In short, you’ve just pulled what is known in most circles as a “dick move”, and if you do get served don’t make it worse by being an even bigger dick. Contrary to the famous saying, the customer is not always right, especially not at 9:55.

If your sign says you are open, you are open. Why in the world does your personal comfort take precedence? No one else gets to leave their job early because they had a slow day. Why should you get to? It’s not a “customer is always right” thing. It’s a “people don’t like being lied to” thing. It’s a “people want you to do your job” thing. If you are just going to quit when you feel like it, why have times at all?

In my mind, not serving people when your sign says you are open is a much bigger dick move. You’re not going to get out at closing time, anyways. It’s your job to work all the hours you are allotted, not turn away money for your employer because it’s not as convenient.

Sorry, I have no sympathy for you.

A restaurant IS generally open up to and often past its posted hours. That doesn’t mean they have to accept new orders that can’t be completed by the time they close. Just like any other business, they don’t guarantee to serve you RIGHT NOW. If you bring your car into a shop at the end of the day they might let you leave it on the lot, or they might make an appointment to come back again, but they won’t put somebody to work on the job a few minutes before they’re scheduled to close.

About the only places that will do that are retailers who can ring up your purchase almost as fast as they can push you out the door.

I’ve been in the restaurant business for 20 years give or take, 10 of that as a server and 10 as a manager. Tonight we closed at 11pm. That means we would seat anyone up to 11 and serve them a full dinner and they could take however long they wanted. This has been typical of all the restaurants I have ever worked. The posted closing time simply indicates when we will stop seating.

I doubt I would say it this harshly but I don’t really disagree with the basic point here. And, I don’t know any owners who would disagree either.

I’ve never really understood this mind set among anyone working in a restaurant. It isn’t the kind of job where you have a predetermined quitting time. Slow days you may get out early. Nights where everyone comes in late, maybe not.
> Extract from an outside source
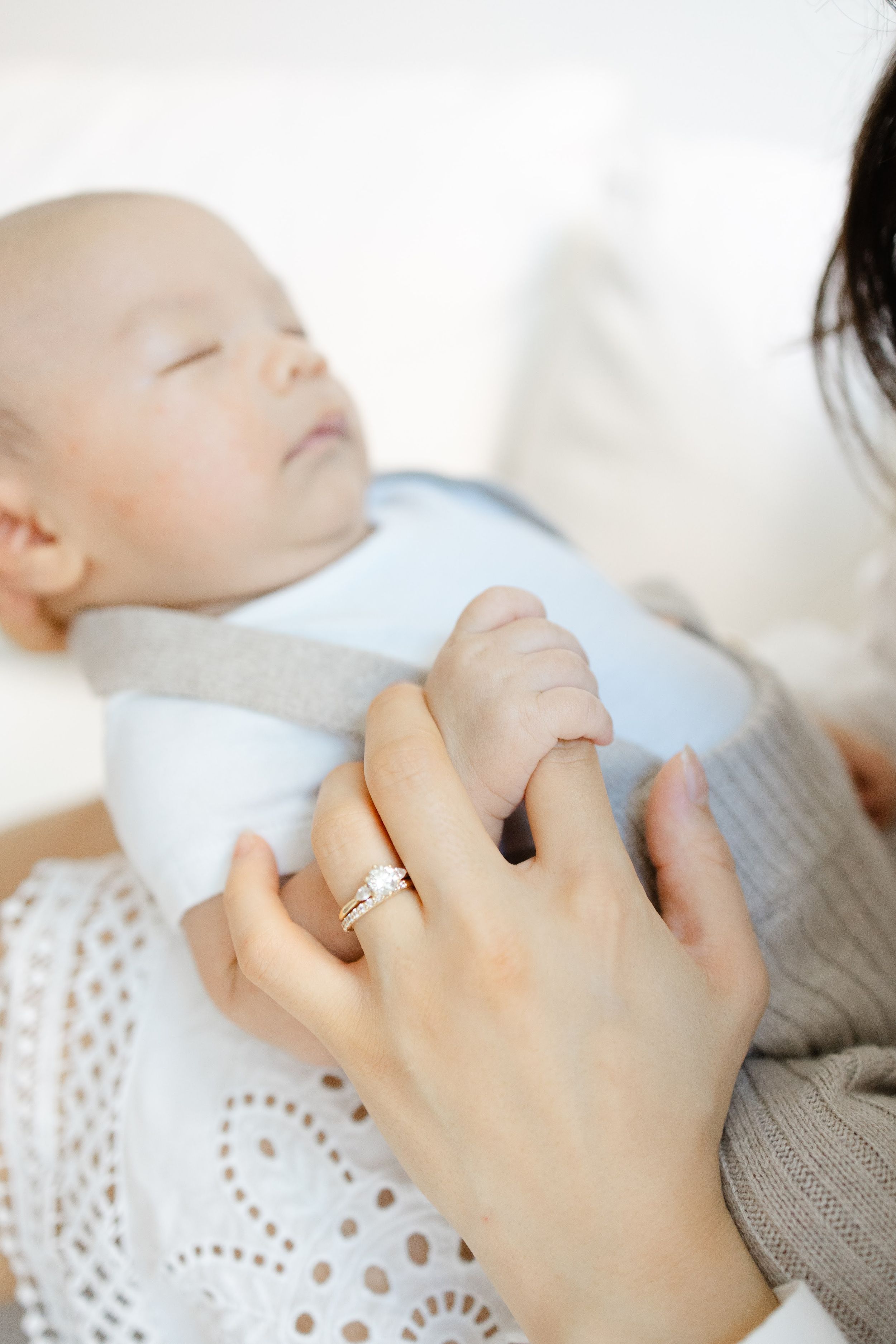 A mother tenderly holds her sleeping baby's hand, wearing a gold ring, while the infant rests in a light blue outfit.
Big deal. Most of the servers working for me work 25 - 30 hours a week earning $700 - 900 a week in tips, paid to them daily in cash. Boo-hoo, you had to stay until midnight because you got 2 or 3 tables at the last minute. If you don’t like it go get a nice 9-5 job working 40 hours a week to make that kind of money.

Depending on how busy we are we will go down to one server around 30 minutes to an hour before our posted closing time. Usually this is done either by having someone volunteer to close or by drawing straws. That way it ends up being fair. Usually there is someone willing to stay most days and they typically make another $30 to $50 a shift for the extra hour or so of work depending on how busy it gets.

(bolding mine)
You’re making a bit of money letting a last minute table in. But you’re also adding labor cost, to the kitchen and front of house. From my years of restaurant experience, it’s situational. It’s been a busy night, it’s five to close, there’s an hour of cleanup to be done anyway, and a table of two wants a meal and a drink? Sure, come in, we’re here anyway. It’s been dead and we could be signing out right at close? The profit on those two meals and two drinks just barely outweigh the extra labor cost. It’s been dead, a table of eight shows up and asks if we can stay open? Sure, considerable extra sales, also extra tips.

And like it or not, the politeness of the potential last-minute customer was always a contributing factor.

I used to work fast food. We hated the dicks that would drive up at 10:59 and order a metric fuckton of hamburgers and fries. Once someone saw THEM in the drive-thru line, 4 or 5 other cars would pull in, etc.

If it’s 15 minutes til close, I’m not going into a restaurant, especially a sit-down place. It’s just rude. If for some insane reason I was forced to do so, I’d certainly leave a large enough tip to make up for it.